Available data:
________

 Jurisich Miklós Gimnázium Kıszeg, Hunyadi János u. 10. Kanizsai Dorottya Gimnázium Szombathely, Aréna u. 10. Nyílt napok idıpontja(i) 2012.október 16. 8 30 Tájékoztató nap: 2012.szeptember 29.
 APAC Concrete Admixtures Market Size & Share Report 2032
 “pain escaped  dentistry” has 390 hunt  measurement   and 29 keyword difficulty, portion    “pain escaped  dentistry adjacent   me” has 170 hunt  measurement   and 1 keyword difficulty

________

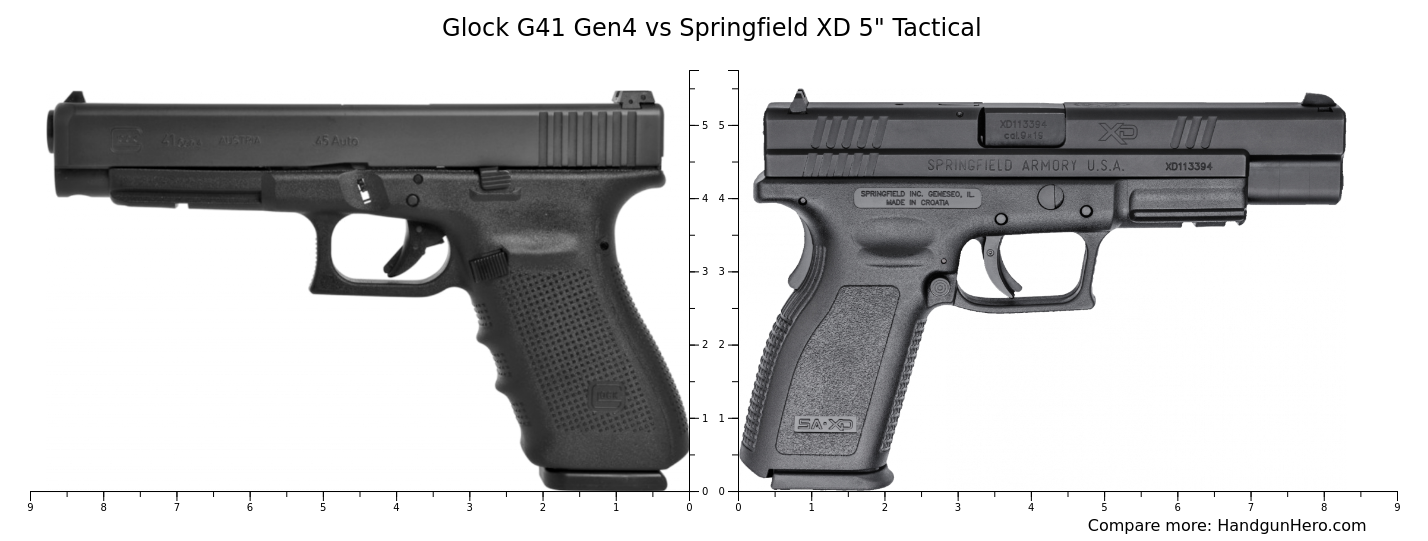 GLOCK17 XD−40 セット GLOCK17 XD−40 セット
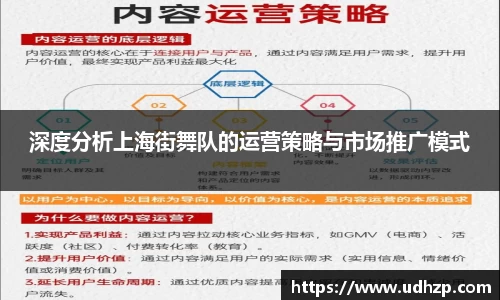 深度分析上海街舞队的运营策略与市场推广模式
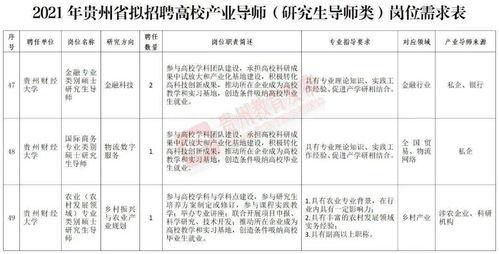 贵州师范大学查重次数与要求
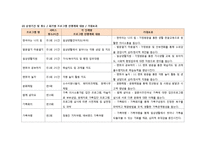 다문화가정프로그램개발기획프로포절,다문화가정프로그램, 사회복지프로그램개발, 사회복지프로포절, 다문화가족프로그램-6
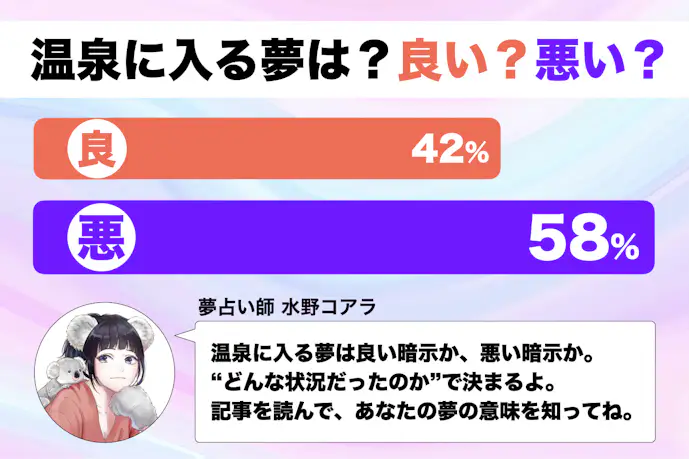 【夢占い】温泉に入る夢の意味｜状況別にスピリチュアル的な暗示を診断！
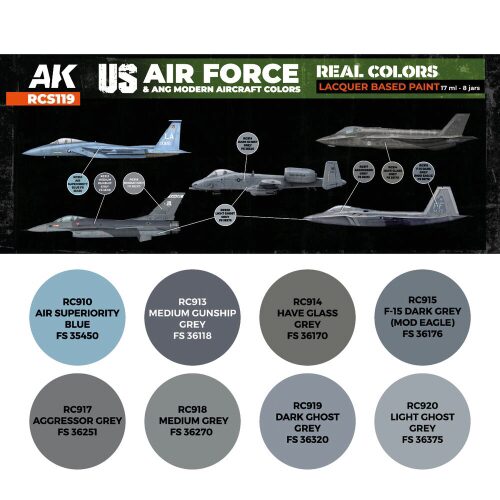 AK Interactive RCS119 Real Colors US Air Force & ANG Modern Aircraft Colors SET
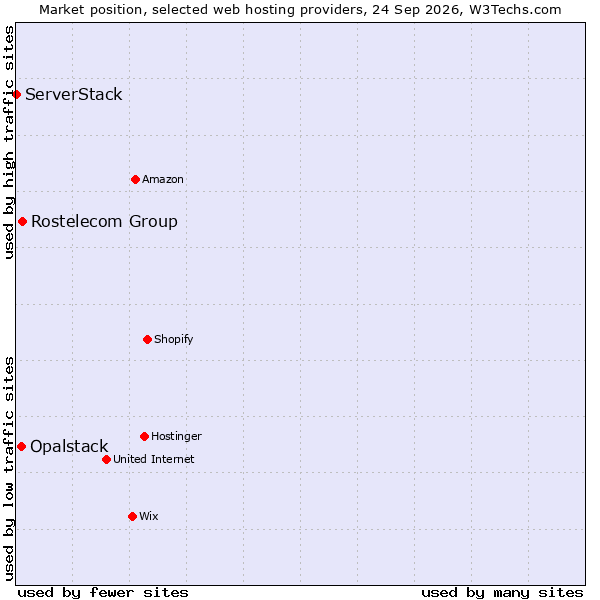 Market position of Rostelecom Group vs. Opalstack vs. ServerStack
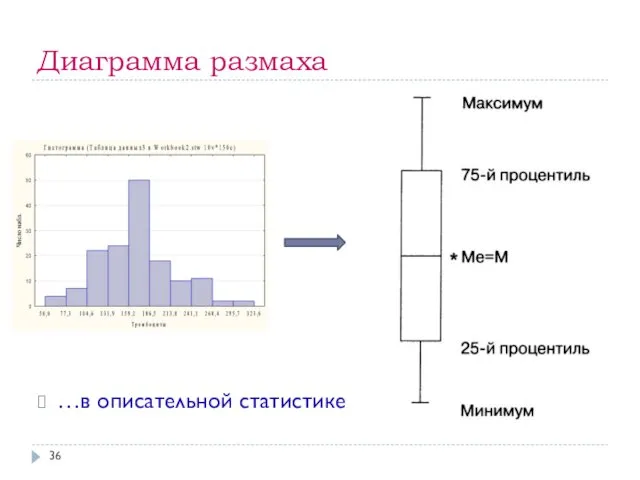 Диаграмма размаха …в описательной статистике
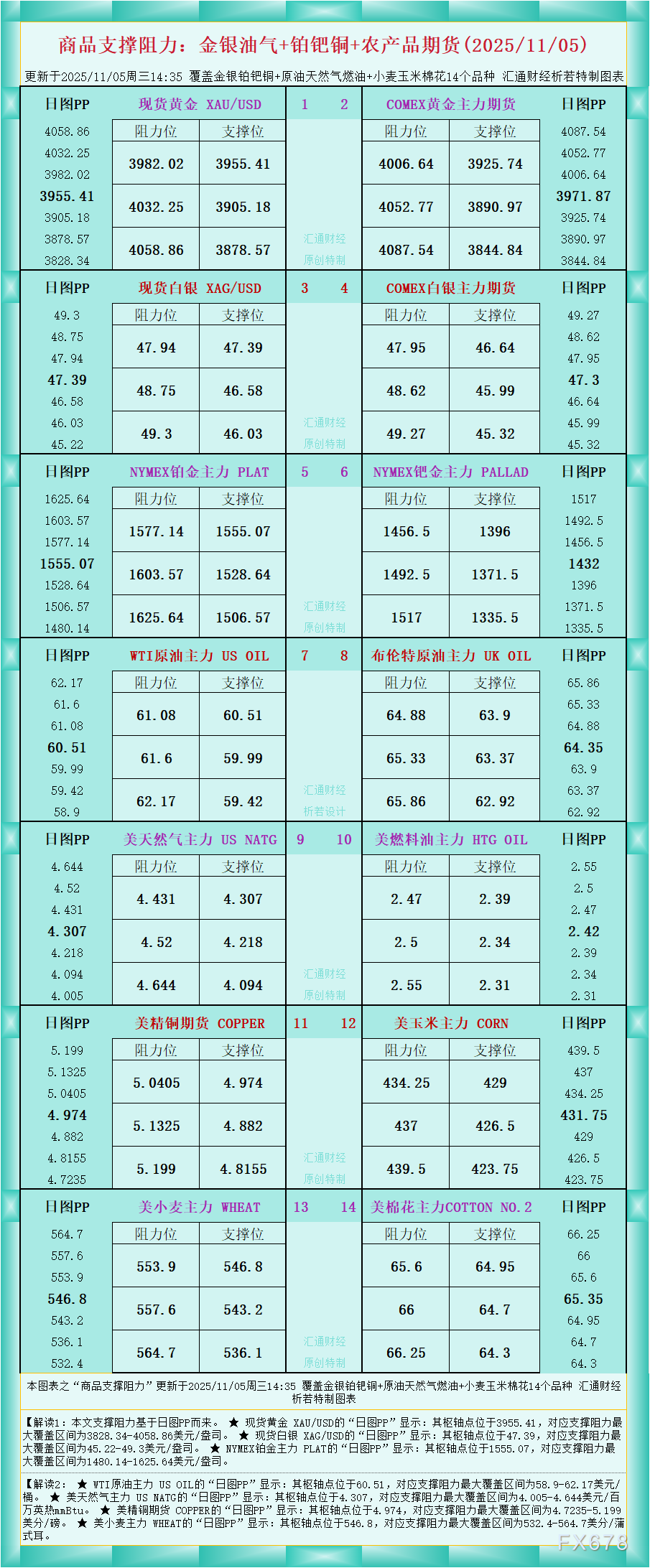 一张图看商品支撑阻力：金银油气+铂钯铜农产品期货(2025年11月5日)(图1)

________

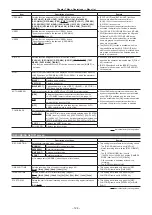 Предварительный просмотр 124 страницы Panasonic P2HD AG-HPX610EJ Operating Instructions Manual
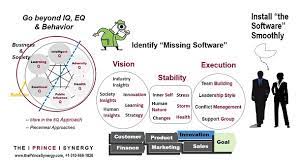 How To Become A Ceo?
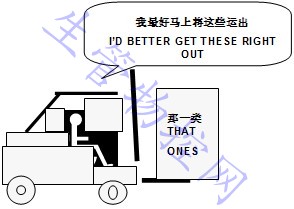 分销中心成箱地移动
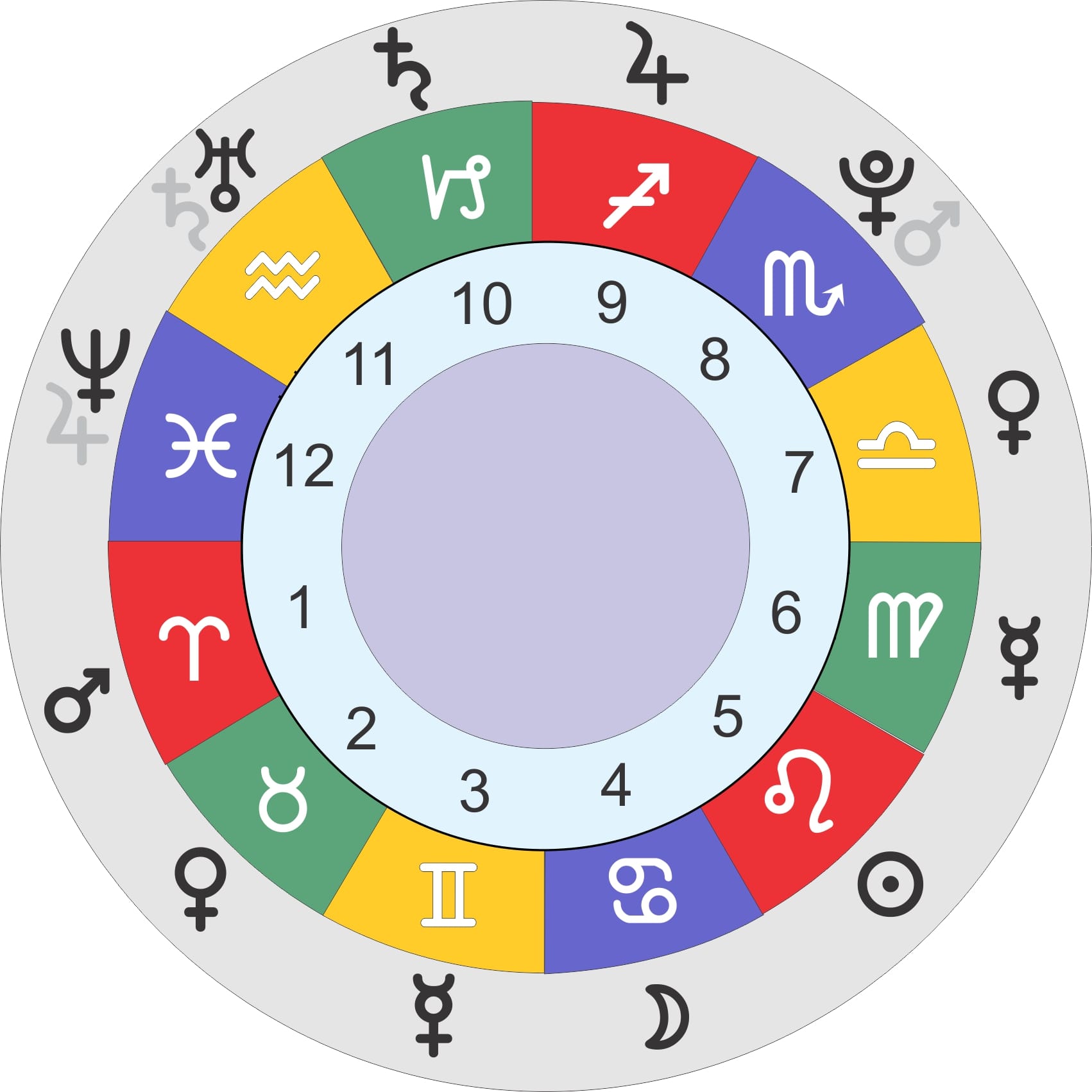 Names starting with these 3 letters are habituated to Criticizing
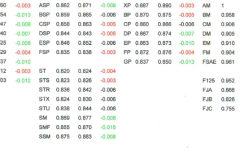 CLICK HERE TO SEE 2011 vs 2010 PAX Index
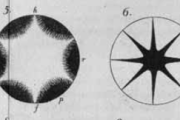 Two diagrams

________

What you will do: Output exactly the lines of the material above from the one containing "APAC Concrete Admixtures" up to and including the one containing "1 keyword difficulty".

Written solution:
 APAC Concrete Admixtures Market Size & Share Report 2032
 “pain escaped  dentistry” has 390 hunt  measurement   and 29 keyword difficulty, portion    “pain escaped  dentistry adjacent   me” has 170 hunt  measurement   and 1 keyword difficulty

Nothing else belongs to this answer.